:: Dataset entries
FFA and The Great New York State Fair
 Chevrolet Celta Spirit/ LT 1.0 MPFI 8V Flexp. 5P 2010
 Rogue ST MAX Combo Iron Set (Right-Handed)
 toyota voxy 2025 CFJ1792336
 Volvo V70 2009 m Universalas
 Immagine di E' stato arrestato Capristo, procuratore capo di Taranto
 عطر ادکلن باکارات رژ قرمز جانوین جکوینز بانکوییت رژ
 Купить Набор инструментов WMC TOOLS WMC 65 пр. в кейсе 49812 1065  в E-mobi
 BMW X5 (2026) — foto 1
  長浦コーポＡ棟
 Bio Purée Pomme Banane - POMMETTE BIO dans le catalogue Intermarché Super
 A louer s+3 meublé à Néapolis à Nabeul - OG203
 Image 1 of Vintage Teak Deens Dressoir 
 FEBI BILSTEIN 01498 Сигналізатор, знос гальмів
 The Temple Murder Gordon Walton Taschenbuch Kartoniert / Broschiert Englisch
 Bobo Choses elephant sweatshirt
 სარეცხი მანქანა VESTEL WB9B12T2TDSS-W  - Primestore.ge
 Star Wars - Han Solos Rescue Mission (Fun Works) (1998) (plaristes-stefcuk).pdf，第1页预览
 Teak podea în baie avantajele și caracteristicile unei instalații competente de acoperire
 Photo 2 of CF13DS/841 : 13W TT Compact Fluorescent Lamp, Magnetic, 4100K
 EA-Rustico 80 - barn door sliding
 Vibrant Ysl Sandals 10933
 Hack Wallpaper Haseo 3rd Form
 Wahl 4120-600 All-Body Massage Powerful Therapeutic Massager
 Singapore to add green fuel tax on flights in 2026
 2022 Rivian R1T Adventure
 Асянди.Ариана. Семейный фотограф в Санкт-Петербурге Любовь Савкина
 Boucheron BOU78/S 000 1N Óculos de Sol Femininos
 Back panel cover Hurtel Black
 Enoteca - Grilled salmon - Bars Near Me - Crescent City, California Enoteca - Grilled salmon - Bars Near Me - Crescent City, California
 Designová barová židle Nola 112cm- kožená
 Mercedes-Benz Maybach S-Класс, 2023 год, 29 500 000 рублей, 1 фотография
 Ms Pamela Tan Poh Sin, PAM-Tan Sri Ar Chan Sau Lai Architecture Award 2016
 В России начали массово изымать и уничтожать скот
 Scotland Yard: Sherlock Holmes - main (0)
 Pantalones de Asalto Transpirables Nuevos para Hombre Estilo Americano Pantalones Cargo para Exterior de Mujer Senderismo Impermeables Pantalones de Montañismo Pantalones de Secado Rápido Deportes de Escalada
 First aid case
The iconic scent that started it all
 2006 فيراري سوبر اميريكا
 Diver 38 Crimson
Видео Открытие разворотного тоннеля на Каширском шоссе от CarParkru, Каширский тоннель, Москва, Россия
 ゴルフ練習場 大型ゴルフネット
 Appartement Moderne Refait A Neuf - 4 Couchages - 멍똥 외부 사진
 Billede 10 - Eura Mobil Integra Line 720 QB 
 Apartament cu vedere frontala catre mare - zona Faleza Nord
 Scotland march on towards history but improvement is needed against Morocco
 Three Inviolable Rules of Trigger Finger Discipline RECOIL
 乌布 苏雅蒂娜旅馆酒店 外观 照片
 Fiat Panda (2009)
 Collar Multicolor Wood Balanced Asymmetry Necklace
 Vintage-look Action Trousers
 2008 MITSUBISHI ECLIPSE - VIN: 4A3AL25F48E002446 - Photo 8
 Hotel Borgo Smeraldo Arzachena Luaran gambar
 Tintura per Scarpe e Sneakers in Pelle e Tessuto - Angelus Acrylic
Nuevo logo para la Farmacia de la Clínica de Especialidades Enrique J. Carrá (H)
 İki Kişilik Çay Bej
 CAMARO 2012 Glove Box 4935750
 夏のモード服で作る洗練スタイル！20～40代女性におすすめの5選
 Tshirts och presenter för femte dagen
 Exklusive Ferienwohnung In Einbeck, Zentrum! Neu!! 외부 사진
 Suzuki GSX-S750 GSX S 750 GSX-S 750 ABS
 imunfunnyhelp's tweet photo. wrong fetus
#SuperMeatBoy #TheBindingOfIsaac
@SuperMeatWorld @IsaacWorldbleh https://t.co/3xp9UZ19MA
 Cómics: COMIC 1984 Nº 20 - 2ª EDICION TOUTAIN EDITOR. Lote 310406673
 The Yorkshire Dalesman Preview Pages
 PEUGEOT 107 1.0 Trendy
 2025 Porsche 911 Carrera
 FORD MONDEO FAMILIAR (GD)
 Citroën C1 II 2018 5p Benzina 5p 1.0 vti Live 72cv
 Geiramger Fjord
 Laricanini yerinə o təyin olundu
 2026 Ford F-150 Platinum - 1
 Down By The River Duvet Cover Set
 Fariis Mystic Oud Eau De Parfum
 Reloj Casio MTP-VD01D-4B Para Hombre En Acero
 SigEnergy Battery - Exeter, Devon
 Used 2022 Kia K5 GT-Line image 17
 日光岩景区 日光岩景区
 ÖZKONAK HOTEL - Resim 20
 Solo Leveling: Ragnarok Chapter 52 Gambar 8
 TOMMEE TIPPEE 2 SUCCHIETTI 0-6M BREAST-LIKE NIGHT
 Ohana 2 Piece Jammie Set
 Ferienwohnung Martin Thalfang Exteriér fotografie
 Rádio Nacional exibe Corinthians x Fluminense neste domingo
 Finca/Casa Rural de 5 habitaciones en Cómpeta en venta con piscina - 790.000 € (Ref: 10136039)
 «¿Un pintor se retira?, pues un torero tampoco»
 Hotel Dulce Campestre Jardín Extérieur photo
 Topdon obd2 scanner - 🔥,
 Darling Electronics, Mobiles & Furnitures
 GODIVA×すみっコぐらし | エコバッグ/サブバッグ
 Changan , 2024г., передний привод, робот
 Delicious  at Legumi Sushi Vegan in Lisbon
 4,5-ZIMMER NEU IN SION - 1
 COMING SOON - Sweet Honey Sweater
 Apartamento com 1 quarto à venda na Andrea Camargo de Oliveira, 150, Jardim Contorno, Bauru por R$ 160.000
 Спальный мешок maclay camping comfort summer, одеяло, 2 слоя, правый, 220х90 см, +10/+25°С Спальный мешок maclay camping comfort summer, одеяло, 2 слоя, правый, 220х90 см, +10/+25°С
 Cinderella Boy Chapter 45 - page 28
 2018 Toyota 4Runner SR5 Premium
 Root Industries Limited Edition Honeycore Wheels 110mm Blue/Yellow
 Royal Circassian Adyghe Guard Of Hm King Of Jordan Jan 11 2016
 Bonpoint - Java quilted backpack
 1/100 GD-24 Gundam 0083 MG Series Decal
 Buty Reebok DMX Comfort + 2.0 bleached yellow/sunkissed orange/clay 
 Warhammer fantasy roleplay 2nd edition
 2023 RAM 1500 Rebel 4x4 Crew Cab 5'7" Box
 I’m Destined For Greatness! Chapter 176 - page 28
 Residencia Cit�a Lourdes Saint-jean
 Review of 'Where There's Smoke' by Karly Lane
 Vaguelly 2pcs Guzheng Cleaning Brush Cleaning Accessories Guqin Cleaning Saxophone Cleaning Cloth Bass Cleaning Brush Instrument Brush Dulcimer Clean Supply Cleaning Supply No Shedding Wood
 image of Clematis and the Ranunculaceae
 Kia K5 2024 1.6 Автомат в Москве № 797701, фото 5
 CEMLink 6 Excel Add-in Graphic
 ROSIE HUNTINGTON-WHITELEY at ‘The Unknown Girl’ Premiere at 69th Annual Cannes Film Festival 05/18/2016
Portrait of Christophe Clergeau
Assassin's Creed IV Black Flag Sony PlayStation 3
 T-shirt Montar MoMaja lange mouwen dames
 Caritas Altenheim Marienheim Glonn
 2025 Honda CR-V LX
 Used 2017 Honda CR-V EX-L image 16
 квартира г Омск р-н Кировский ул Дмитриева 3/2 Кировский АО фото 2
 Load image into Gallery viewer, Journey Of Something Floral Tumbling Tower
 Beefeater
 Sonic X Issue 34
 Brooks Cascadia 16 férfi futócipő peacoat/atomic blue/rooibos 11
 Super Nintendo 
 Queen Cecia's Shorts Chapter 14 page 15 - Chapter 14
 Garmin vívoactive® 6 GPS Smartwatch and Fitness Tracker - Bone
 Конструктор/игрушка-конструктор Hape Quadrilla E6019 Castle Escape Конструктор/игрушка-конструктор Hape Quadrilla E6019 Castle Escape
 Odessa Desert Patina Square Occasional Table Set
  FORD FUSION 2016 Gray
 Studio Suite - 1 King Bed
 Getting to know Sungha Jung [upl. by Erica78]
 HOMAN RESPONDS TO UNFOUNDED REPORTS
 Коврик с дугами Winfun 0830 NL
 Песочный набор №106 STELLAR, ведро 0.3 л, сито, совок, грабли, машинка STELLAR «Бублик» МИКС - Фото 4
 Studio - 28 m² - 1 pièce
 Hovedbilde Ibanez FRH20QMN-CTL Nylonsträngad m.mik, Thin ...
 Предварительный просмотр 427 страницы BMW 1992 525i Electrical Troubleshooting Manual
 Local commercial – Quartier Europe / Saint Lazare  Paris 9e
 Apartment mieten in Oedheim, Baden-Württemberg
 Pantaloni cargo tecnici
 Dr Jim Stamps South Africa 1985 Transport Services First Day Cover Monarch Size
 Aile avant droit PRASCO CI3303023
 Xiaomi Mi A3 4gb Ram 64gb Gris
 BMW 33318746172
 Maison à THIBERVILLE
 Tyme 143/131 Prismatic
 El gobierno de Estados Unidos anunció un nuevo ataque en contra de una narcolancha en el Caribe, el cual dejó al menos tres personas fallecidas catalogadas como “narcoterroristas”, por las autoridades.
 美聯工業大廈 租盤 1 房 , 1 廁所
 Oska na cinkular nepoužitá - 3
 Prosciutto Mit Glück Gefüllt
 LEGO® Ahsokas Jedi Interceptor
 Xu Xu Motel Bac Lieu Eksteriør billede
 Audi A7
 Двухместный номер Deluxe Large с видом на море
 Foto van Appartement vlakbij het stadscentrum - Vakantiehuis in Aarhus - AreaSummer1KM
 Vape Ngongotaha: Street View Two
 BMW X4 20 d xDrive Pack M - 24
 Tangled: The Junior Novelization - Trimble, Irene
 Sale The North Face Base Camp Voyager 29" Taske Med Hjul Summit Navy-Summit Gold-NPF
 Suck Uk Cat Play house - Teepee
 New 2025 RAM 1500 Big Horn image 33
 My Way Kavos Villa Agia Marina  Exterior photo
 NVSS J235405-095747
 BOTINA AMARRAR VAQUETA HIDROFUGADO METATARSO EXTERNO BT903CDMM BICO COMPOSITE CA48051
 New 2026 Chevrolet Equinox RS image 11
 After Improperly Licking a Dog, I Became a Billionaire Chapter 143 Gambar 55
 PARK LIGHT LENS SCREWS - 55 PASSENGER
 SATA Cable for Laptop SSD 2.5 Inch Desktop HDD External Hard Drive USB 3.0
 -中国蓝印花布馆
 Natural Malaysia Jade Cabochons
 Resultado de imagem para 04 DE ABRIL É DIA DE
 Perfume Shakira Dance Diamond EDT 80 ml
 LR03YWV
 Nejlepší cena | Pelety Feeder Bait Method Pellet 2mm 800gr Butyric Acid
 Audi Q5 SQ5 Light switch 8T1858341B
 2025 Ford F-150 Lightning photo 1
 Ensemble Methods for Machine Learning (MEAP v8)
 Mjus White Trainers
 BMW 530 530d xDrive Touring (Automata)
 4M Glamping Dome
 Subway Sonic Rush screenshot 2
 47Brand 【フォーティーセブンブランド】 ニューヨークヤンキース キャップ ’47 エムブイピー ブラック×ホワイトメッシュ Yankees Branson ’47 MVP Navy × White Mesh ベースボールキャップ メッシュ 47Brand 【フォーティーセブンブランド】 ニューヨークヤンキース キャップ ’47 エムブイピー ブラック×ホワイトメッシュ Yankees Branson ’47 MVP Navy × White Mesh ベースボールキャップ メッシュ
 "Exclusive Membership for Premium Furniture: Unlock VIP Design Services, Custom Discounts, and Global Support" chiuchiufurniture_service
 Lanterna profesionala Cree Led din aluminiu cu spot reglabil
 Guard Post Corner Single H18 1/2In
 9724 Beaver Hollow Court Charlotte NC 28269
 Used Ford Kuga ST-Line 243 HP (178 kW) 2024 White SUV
::::
[Exercise objective] Only one stretch of the records above is wanted: the lines between the one holding "Купить Набор инструментов" and the one holding "Bobo Choses elephant sweatshirt", inclusive, reproduced exactly.

[Answer below]
 Купить Набор инструментов WMC TOOLS WMC 65 пр. в кейсе 49812 1065  в E-mobi
 BMW X5 (2026) — foto 1
  長浦コーポＡ棟
 Bio Purée Pomme Banane - POMMETTE BIO dans le catalogue Intermarché Super
 A louer s+3 meublé à Néapolis à Nabeul - OG203
 Image 1 of Vintage Teak Deens Dressoir 
 FEBI BILSTEIN 01498 Сигналізатор, знос гальмів
 The Temple Murder Gordon Walton Taschenbuch Kartoniert / Broschiert Englisch
 Bobo Choses elephant sweatshirt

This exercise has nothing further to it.